Crónica de Edno Pimentel sobre a forma "soas", curiosa redução de pessoas que é recorrente no discurso oral angolano (texto publicado no jornal luandense Nova Gazeta, em 14/01/2016.
Com o crescimento da cidade [de Luanda], os compromissos laborais, reuniões – e outros –, o corre-corre do dia-a-dia, creche daqui, colégio dali, ‘fau’ (faculdade) dacolá, enfim, há cada vez menos tempo para pensarmos em nós. E quando damos conta, estamos no hospital a tentar curar o ‘stress’ por termos ficado muito tempo ligados ao computador, corrido demais, estudado demais e ficado horas a fio no engarrafamento.
Todo o mundo hoje vive às pressas como se o fim do mundo estivesse à vista. Mesmo para escrever, usam-se muitas abreviações, porque ninguém quer perder tempo. Só que, às vezes, a redução exagerada pode causar problemas na comunicação. Para não falar do que acontece quando as palavras são reduzidas demais na oralidade.
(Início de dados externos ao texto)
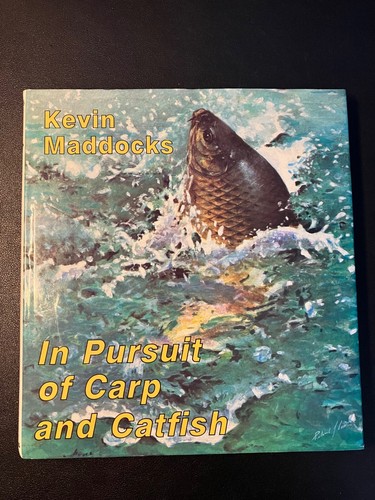 Pursuit carp catfish - of,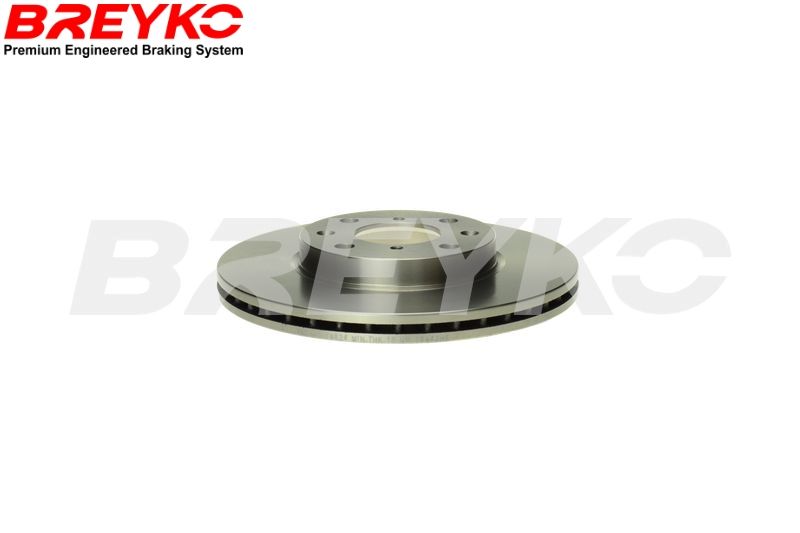 DAVID VASCO T4824 Brake Disc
«Hoje, as ‘soas’ não querem perder tempo», ouve-se amiúde em quase toda a parte. «As ‘soas’ fazem e desfazem e ninguém diz nada», repete-se.
É claro que a oralidade tem das suas e nem [pretendo] enfiar os meus pés em terrenos pantanosos com questões de pronúncia ou dicção, mas há coisas que devem ser consensuais. Se dividirmos silabicamente a palavra pessoa, teremos um trissílabo, ou seja, uma palavra com três sílabas: pes-so-a. Mas isso não quer dizer que devamos pronunciá-la dessa forma. A sua pronúncia ocorre como se de um dissílabo se tratasse [pəˈsoɐ], embora no Brasil se oiça mesmo um trissílabo. Mas cá entre nós [em Angola], tenho visto, ou seja, ouvido algum exagero: «as ‘soas»? Deste jeito, já parece uma homónima da forma do verbo soar na 2.ª pessoa do singular «tu soas».
Apesar de ter três sílabas, a palavra pessoa pode, no mínimo, ser pronunciada como se tivesse apenas duas sílabas, mas o ‘p’ inicial deve ser audível. Nem que de forma suave, leve. Mas tem de ser ouvido. Tal como a palavra Setúbal, em Portugal. Silabicamente é dividida Se-tú-bal, Tem três sílabas, mas ouvimos os nossos irmãos lusitanos pronunciarem algo parecido a [sˈtubaɫ], em que o [ə] da primeira sílaba é quase inaudível, embora não saiba, de concreto, se isso ocorre em toda a extensão da ‘Lusitânia’. Não sei aonde foram as ‘soas’ deixar o seu ‘P’.
Crónica da autoria de Edno Pimentel e publicada na coluna Professor Ferrão do jornal luandense Nova Gazeta, em 14/01/2016. Manteve-se a ortografia conforme a norma ainda aplicada em Angola, anterior ao Acordo Ortográfico da Língua Portuguesa.